§ **DATA EXTRACT**:
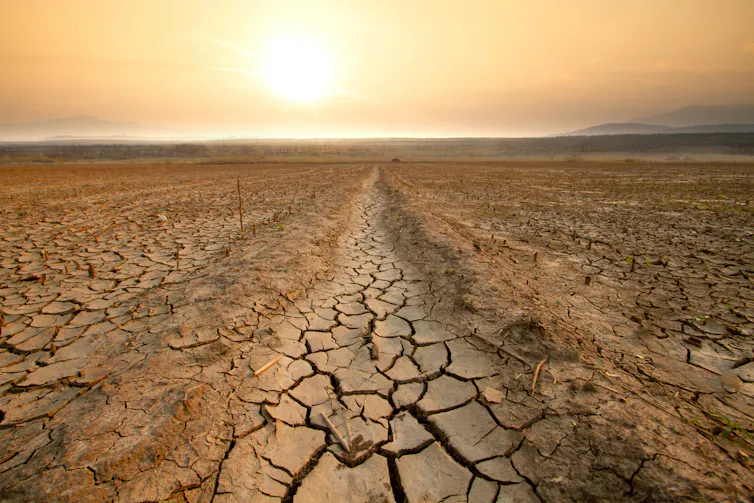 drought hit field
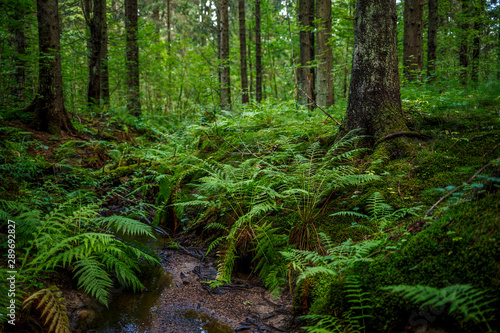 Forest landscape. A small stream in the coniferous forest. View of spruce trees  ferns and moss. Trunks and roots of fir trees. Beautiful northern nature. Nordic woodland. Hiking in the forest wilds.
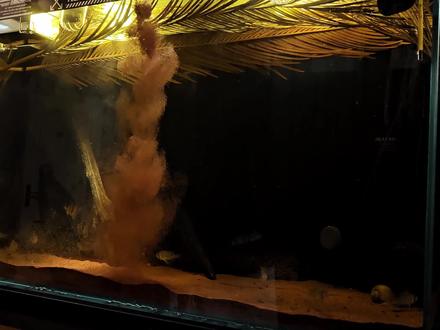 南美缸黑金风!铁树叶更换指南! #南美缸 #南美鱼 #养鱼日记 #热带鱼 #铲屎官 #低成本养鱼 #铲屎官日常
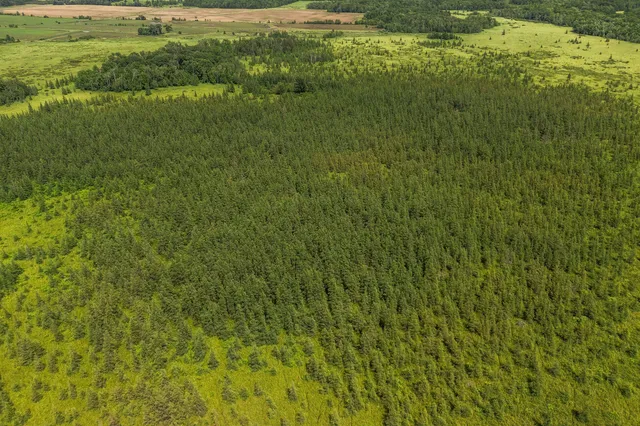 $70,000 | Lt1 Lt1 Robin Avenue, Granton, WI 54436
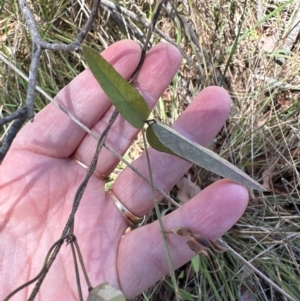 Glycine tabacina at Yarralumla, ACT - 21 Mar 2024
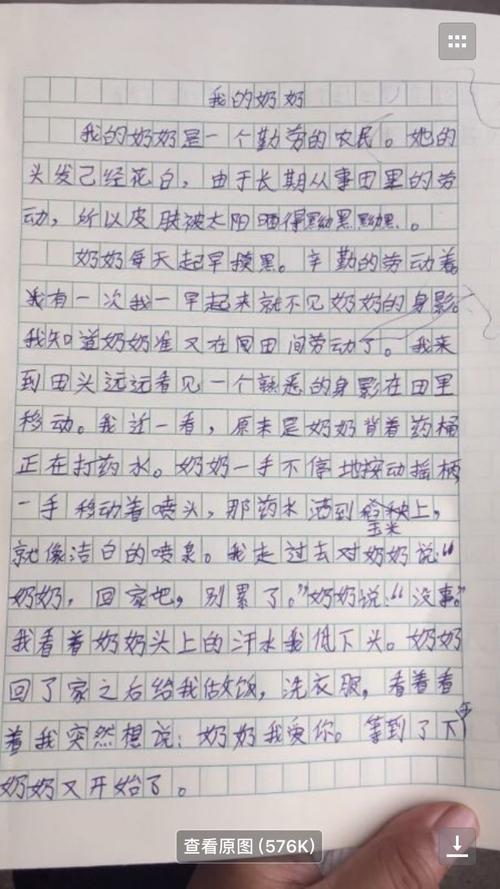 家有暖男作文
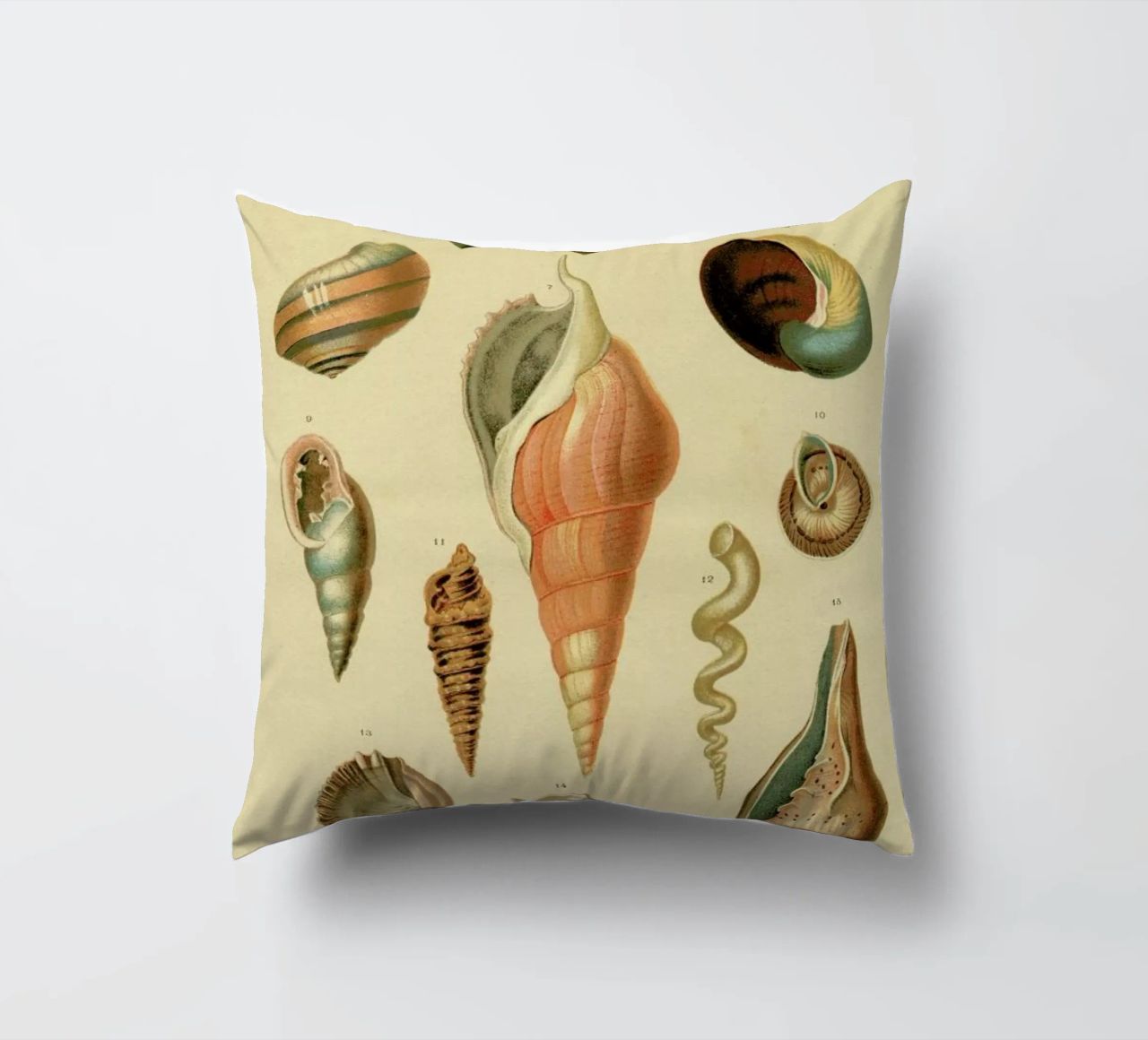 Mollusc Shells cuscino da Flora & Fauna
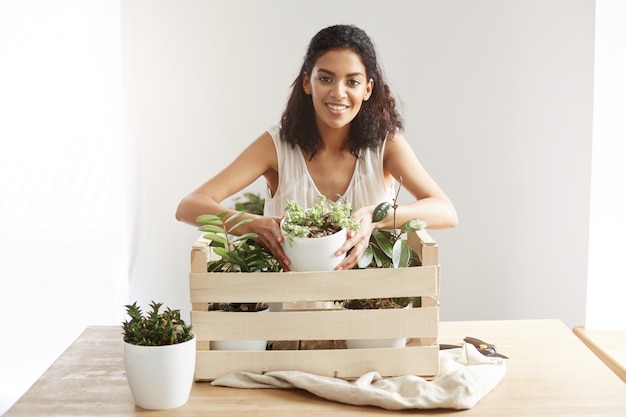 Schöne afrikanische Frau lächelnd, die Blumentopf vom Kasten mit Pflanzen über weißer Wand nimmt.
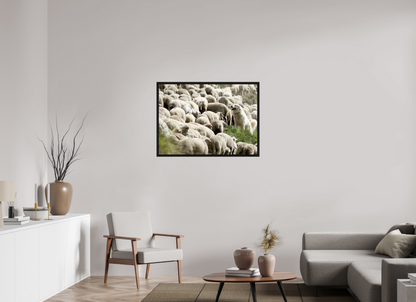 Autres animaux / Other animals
...
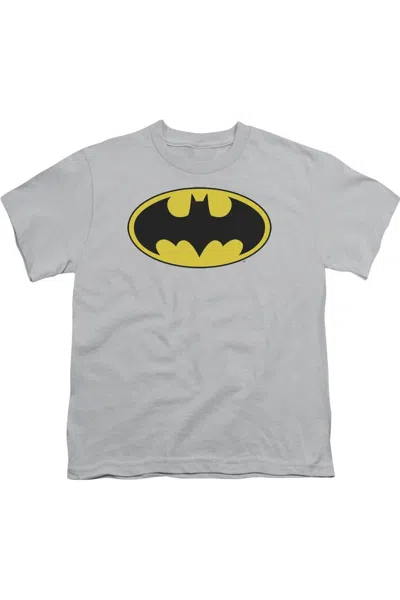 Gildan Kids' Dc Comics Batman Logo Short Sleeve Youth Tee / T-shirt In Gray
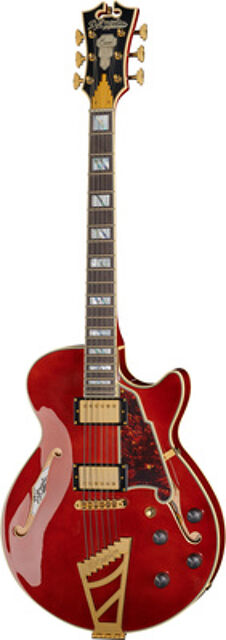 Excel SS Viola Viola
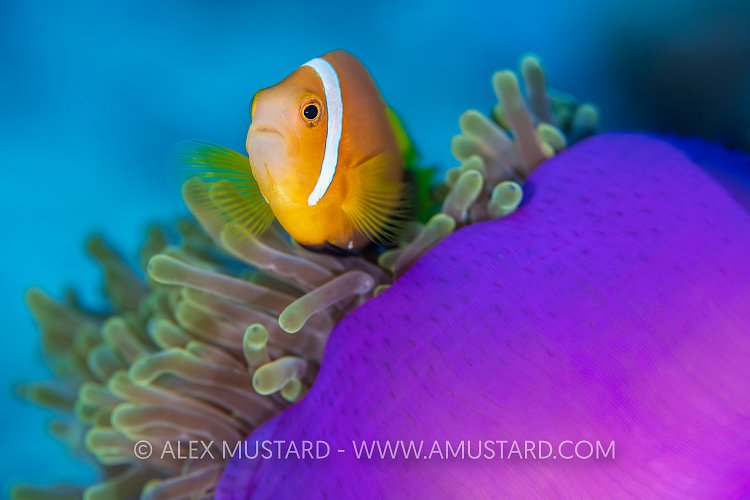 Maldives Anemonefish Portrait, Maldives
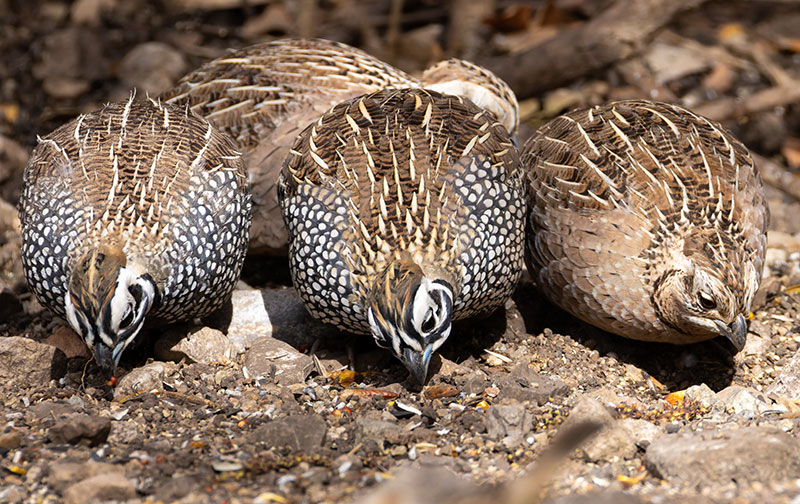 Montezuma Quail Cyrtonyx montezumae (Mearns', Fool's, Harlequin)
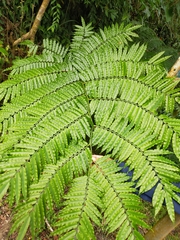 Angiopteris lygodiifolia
...
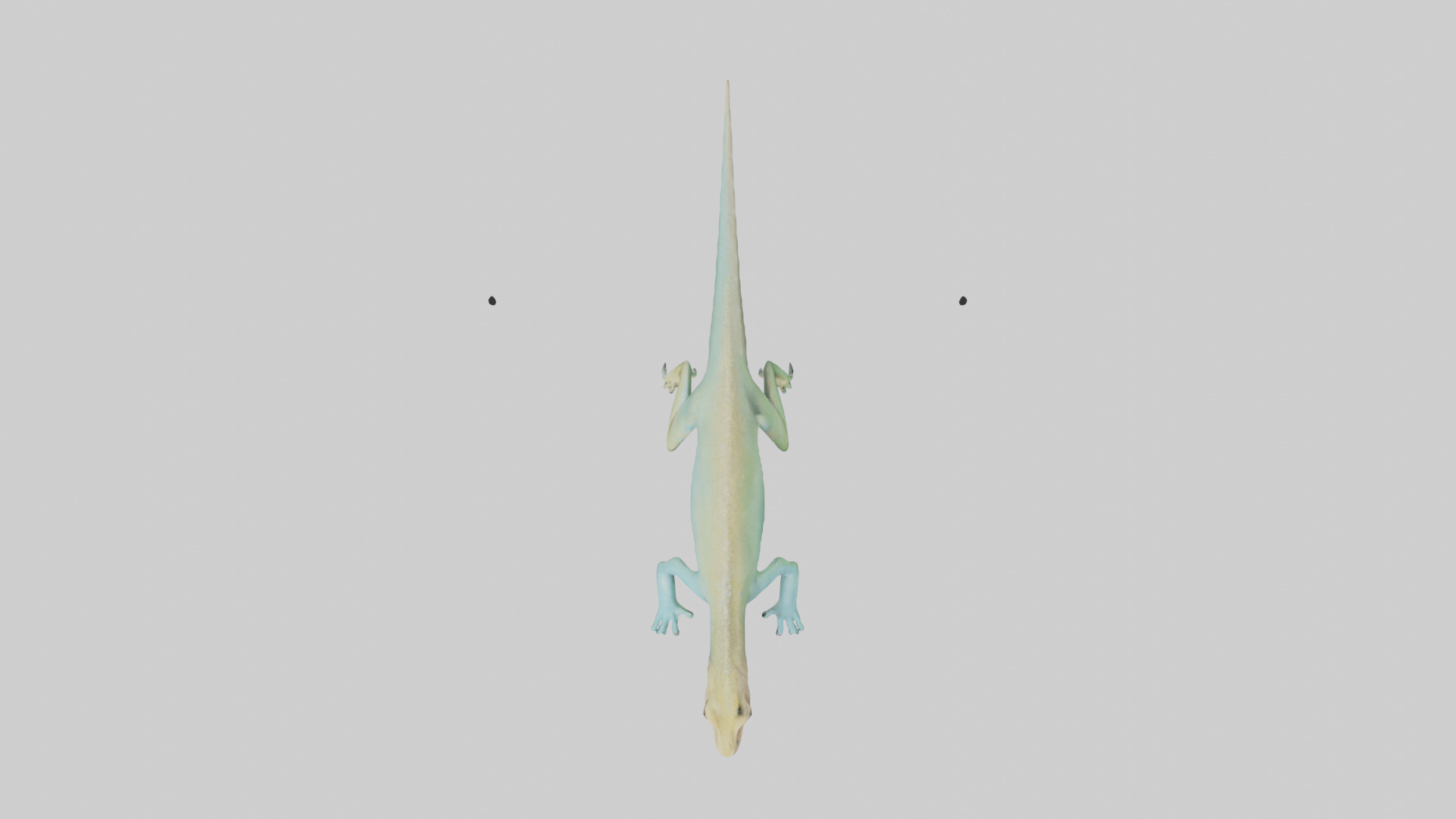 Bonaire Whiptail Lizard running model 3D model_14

§ **YOUR GOAL**:
Working from the entries above, please transcribe only the lines from the line with "Excel SS Viola Viola" through the line with "Angiopteris lygodiifolia", exactly, with both end lines and without pictures.

§ **RESULT FOR THIS TASK**:
 Excel SS Viola Viola
 Maldives Anemonefish Portrait, Maldives
 Montezuma Quail Cyrtonyx montezumae (Mearns', Fool's, Harlequin)
 Angiopteris lygodiifolia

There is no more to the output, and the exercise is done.